If my entire concern was the quality of the rules, I would simply type up all my house rules into a nice PDF and play that. I'm inevitably going to make up rules I like better than any one particular designer, because I'm designing for me.

But, assuming the rules are solid, my number one concern is selling people on trying out a new game with me. Having a super-pretty book that spurs the imagination does quite a bit to help sell the game.
 

I'm not saying I don't like art in my game books, or that it serves no purpose. I am saying the quality of the art, or lack thereof, has never been the tipping point on whether or not I would buy literally anything, and I personally have a hard time understanding a point of view where it would be. What it seems like to me is a budget sink that could almost always be cut down to some degree, and it never lessens the value of a game book as a game book to me to have less than stellar pictures.

Bad formatting? Whole different story potentially.
 

If my entire concern was the quality of the rules, I would simply type up all my house rules into a nice PDF and play that.
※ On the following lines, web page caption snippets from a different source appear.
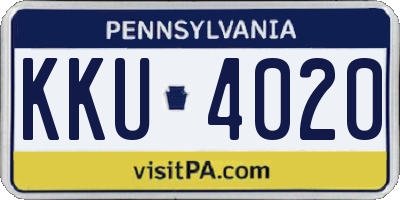 PA license plate KKU4020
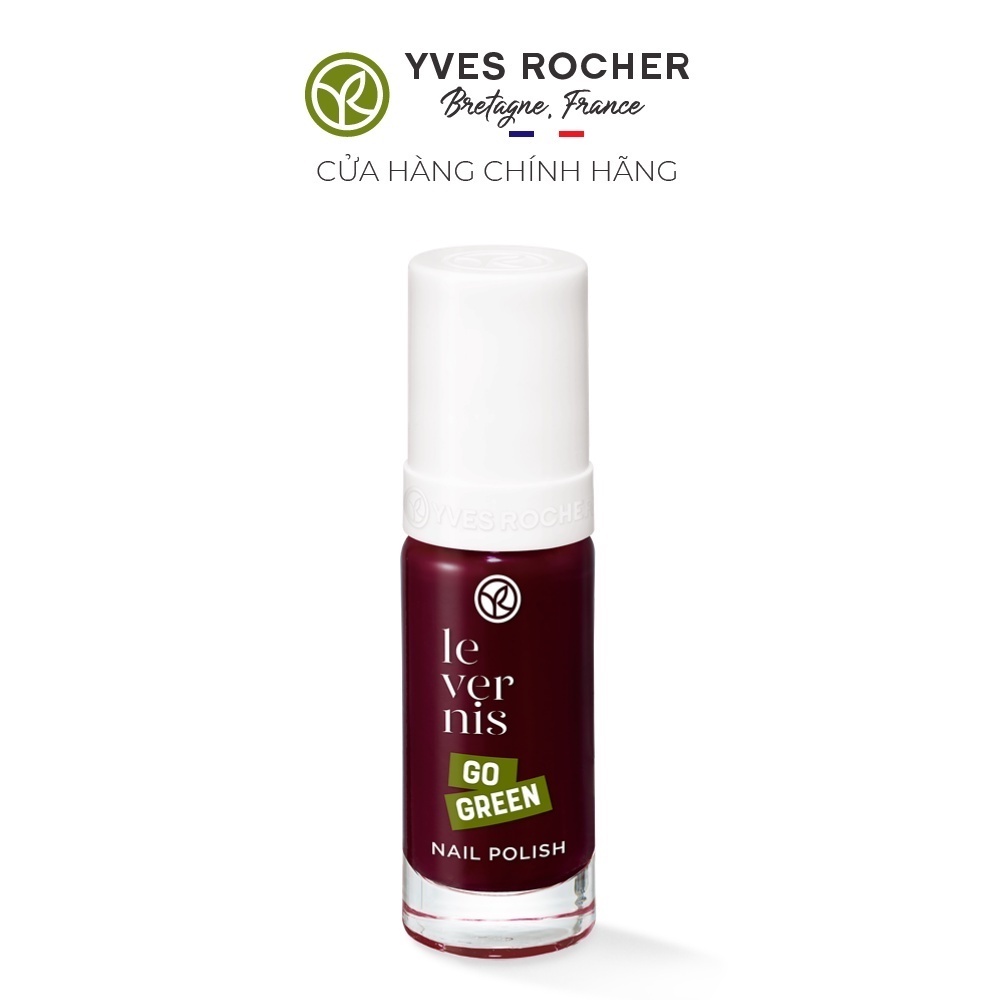 Sơn móng tay Yves Rocher GO GREEN NAIL POLISH 5ML - 16 MYSTERIOUS PLUM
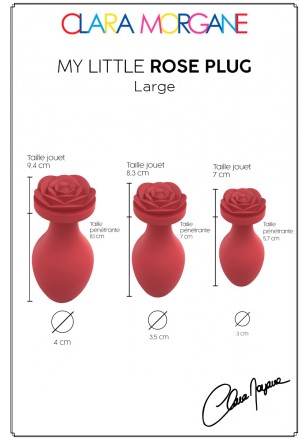 My Rose Silicone Plug en forme de rose Large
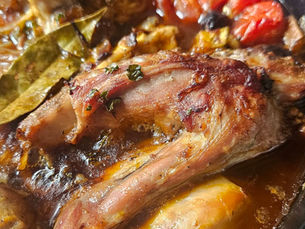 📝 Lapin à la provençale, légumes de l'été & marjolaine sauvage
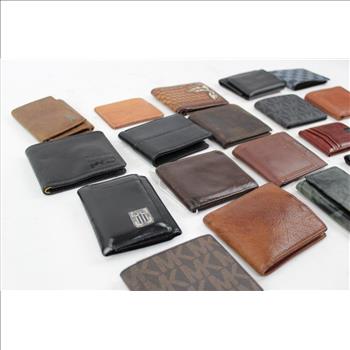 Timberland, Levi's, Michael Kors, And More Wallets, 19 Pieces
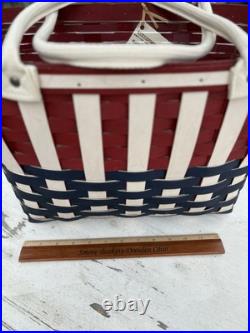 Longaberger 2012 American striped tote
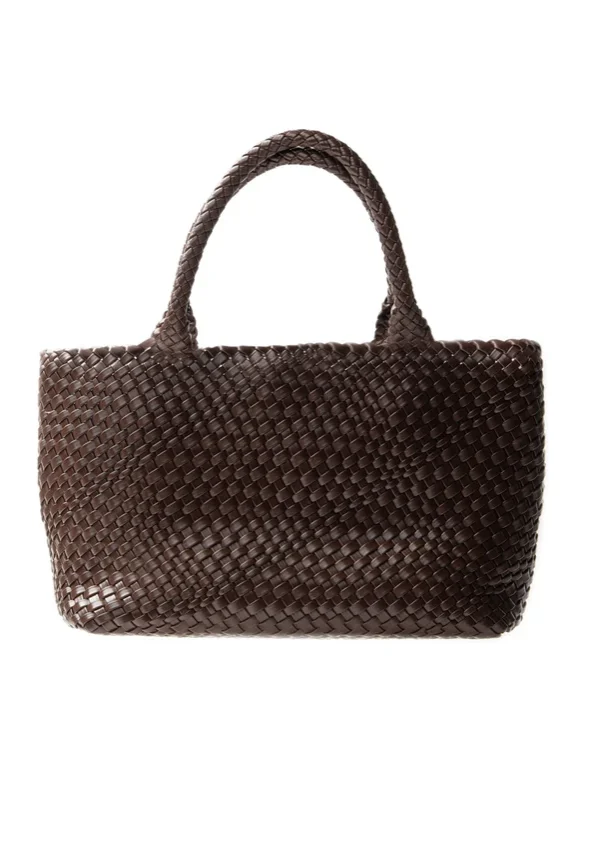 Woven Tote Bag Brown 1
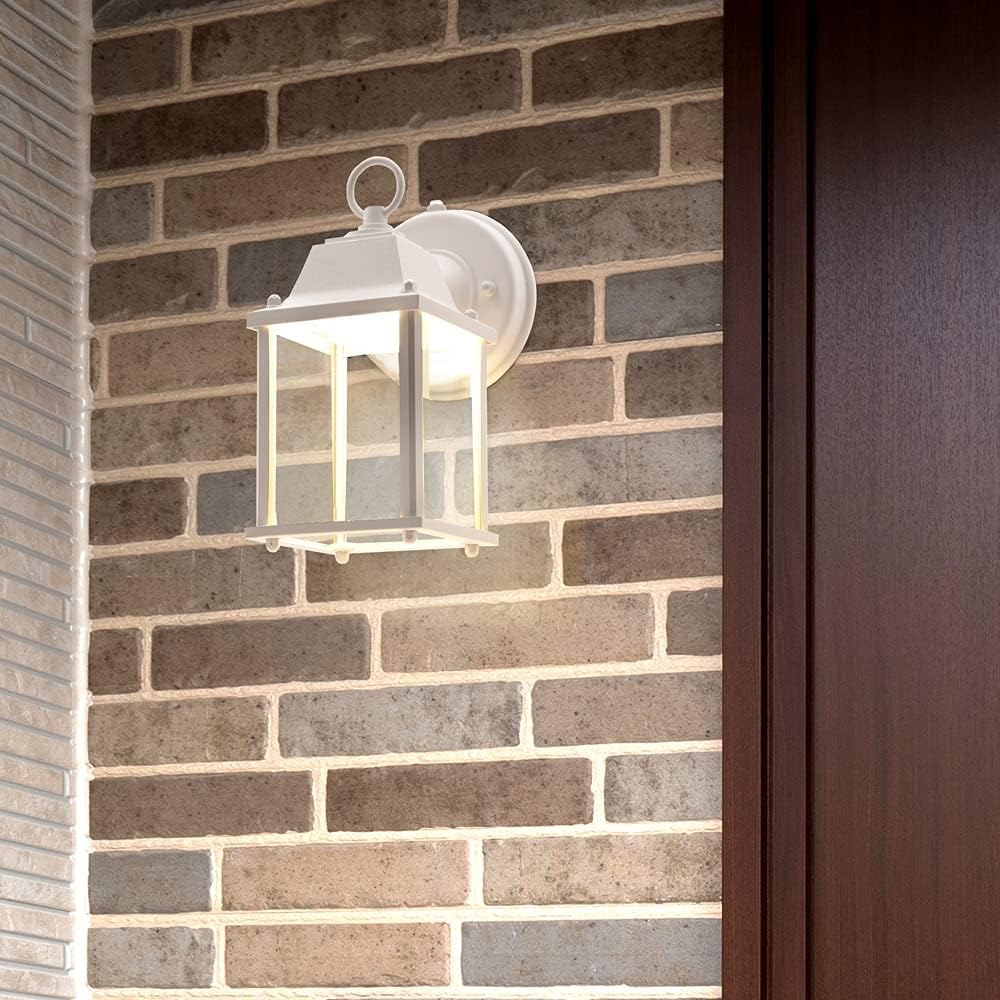 Maxxima LED Aged Bronze Outdoor Wall Light, Photocell, 650 Lumens 3000K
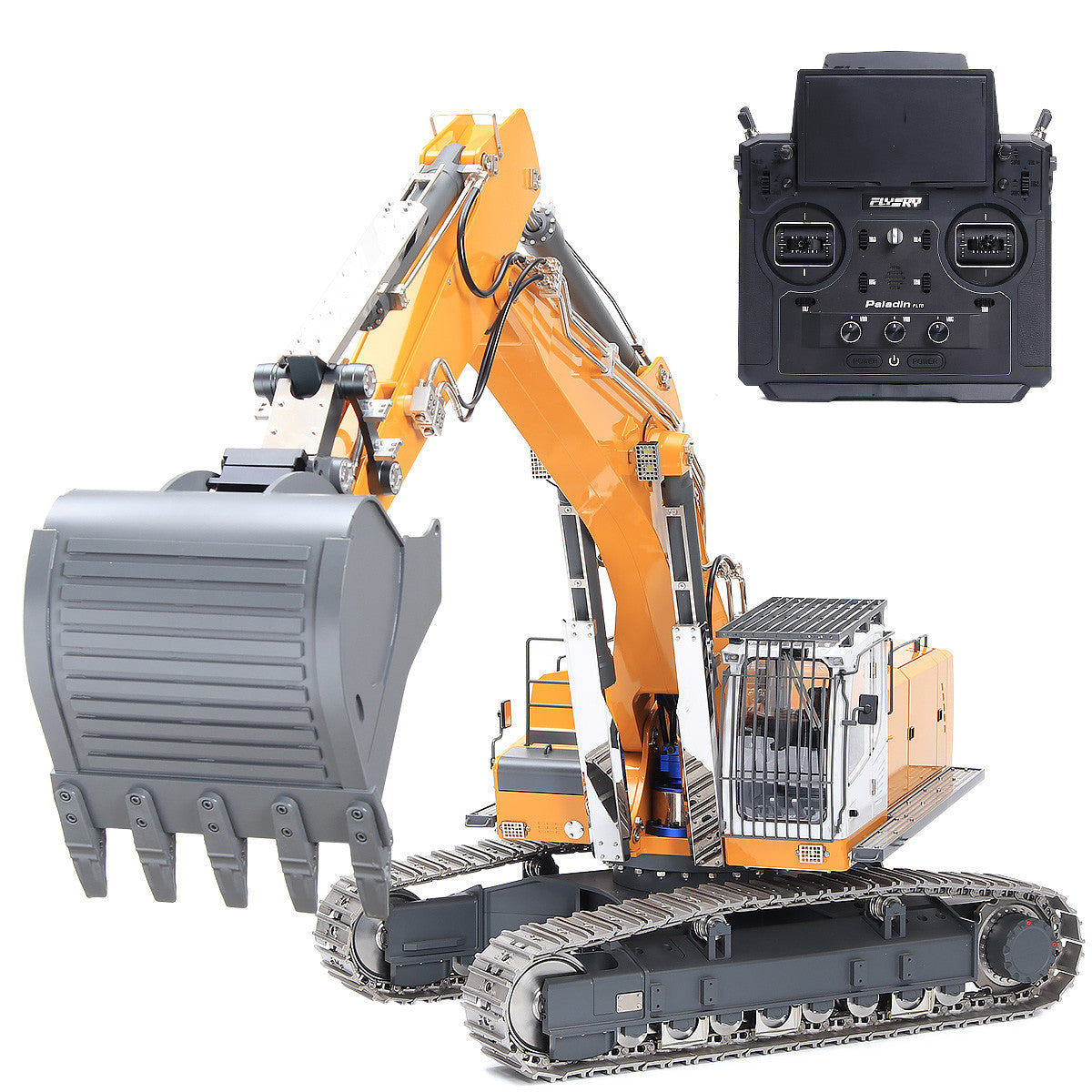 Huina Kabolite 970 Full Alloy Excavator Simulation Hydraulic Excavator RC Car High Quality Toy Gift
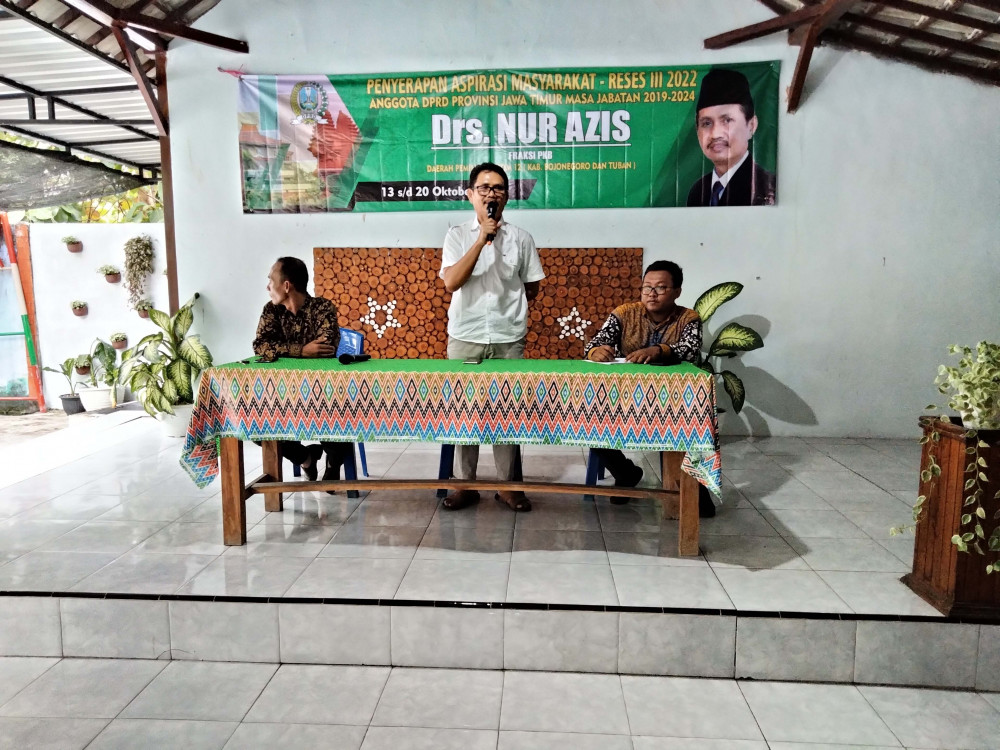 Terima Keluhan Soal  Saluran dan Limbah Debu Saat Reses, Anggota DPRD Jatim Nur Aziz Segera Tindaklanjuti ke Pemprov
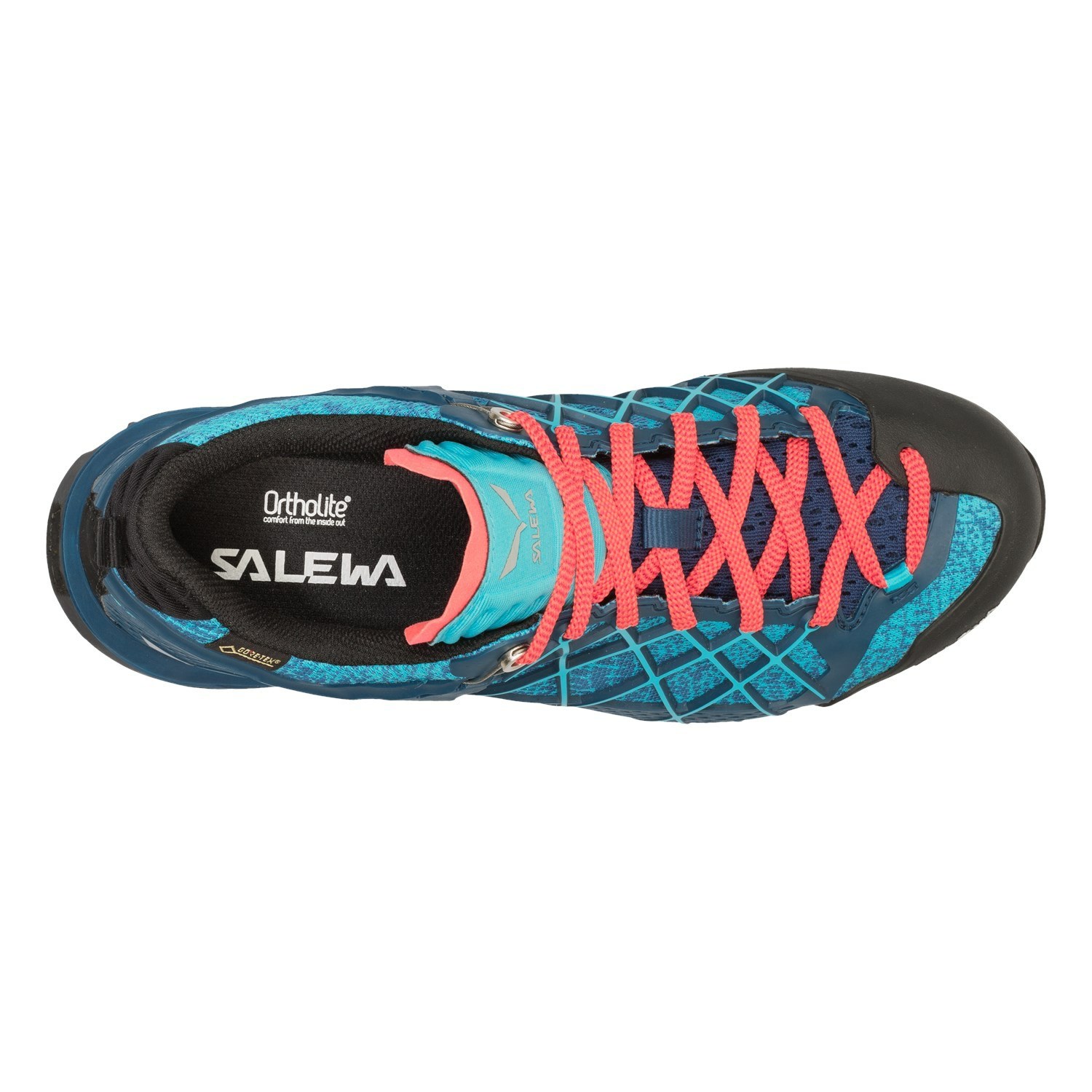 Női Salewa Wildfire GORE-TEX® Túracipő Kék | 6519-QAMCT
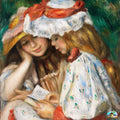Two Girls Reading  by Pierre-Auguste Renoir Diamond Painting-Diamond Painting Hut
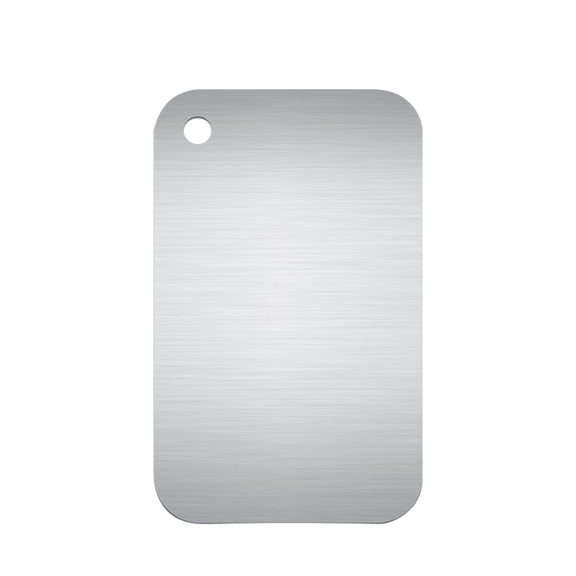 SouMaox Stainless Steel Chopping Board Durable Kitchen Cutting Surface Reusable Professional Pastry Rolling Mat Modern Prep Station Pane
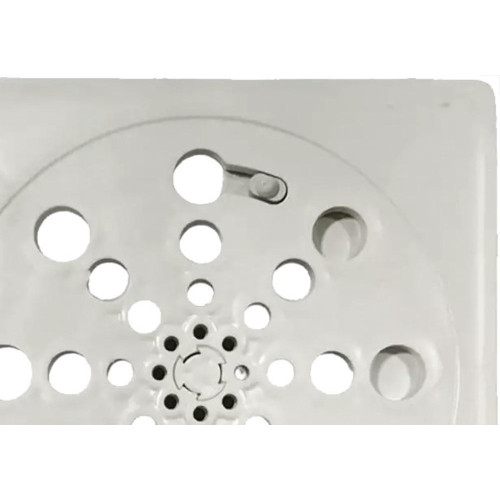 Grelha Plastica Quadrada Branca Overtime 10X10Cm Com Fecho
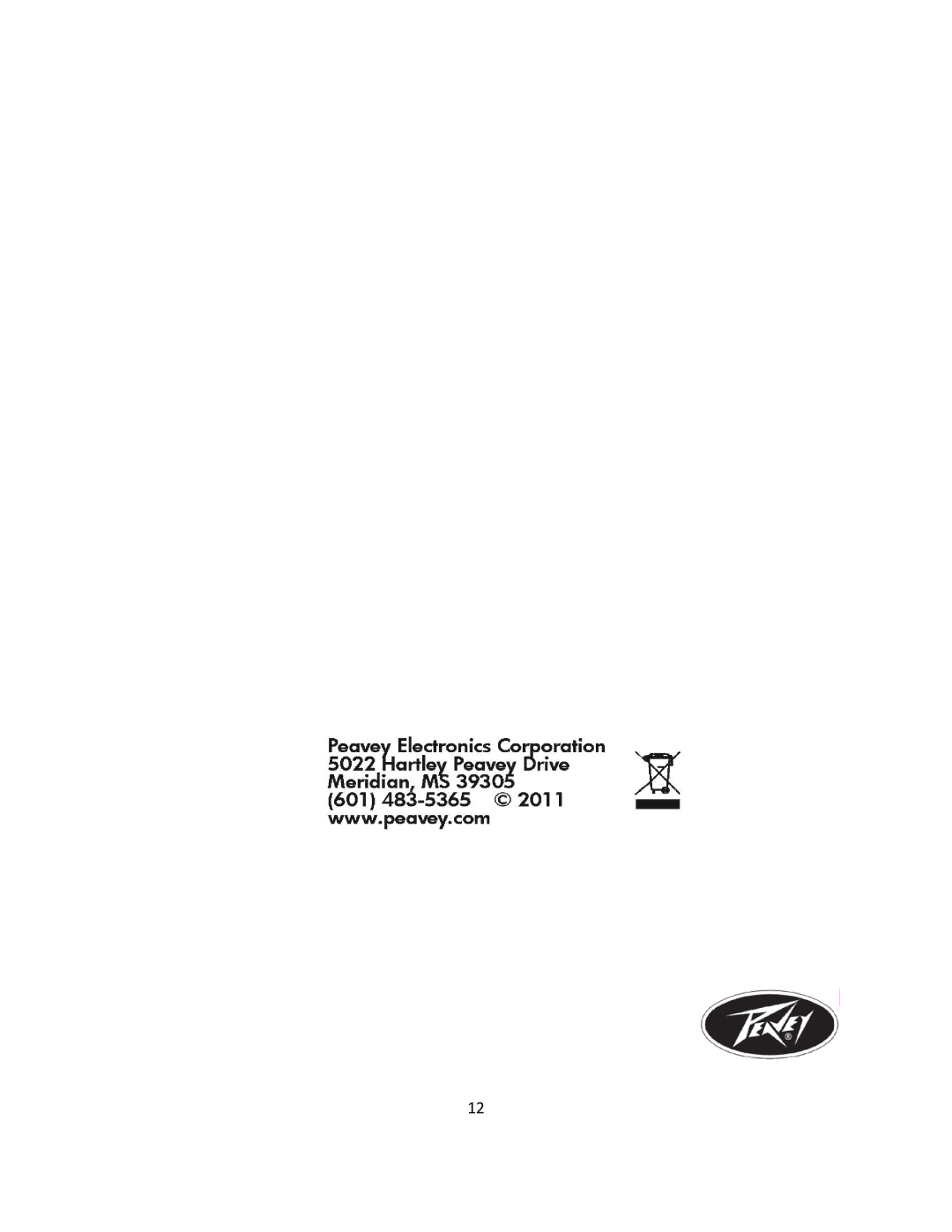 Peavey 1 UHF manual 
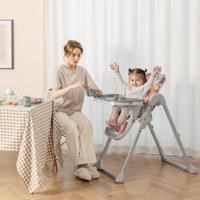 Converteerbare Kinderstoel voor Baby's en Peuters met Verstelbare Hoogte Verstelbare Rugleuning en Voetsteun op Wielen
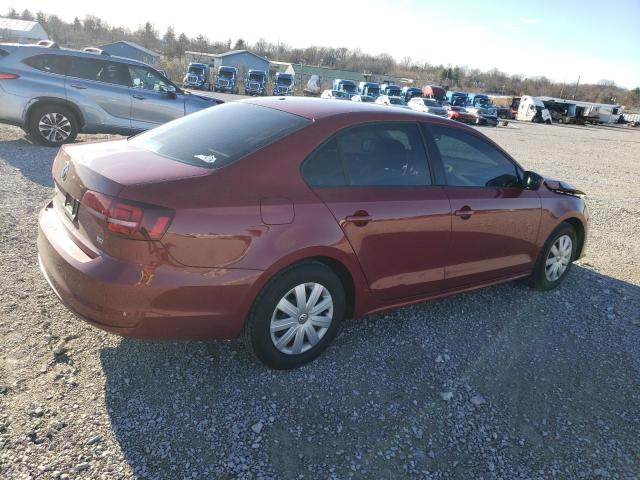 3VW267AJ8GM265003 - 2016 VOLKSWAGEN JETTA S RED photo 3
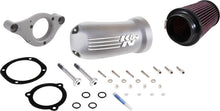 Load image into Gallery viewer, K&amp;N 17-18 Harley Davidson Touring Models Performance Air Intake System Silver Misc Powersports K&amp;N Engineering   

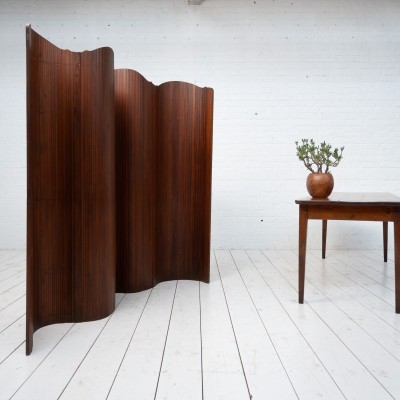 Large wooden folding screen, 1920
I'm inevitably going to make up rules I like better than any one particular designer, because I'm designing for me.

But, assuming the rules are solid, my number one concern is selling people on trying out a new game with me. Having a super-pretty book that spurs the imagination does quite a bit to help sell the game.
That's what I do. I have a 400+ page homebrew doc, double column, no art, suits me great. I will accept a lower profit margin if it means a lower art budget. Nice cover, some chapter plates, and illustrations for stuff that needs illustration.
 

Absolutely. As someone who was introduced to D&D during the 2E era, I definitely turned up my nose at a lot of 1e material precisely because I thought the lack of color art made it look shoddy.

And I guarantee that a lot of the fondness for the great setting flourishing of the '90s was precisely because so many of the introductory products had such great art that hooked people in.
I liked a lot of the art in the 2e era, and I can't say that no cover caught my attention, but it wasn't why I was there.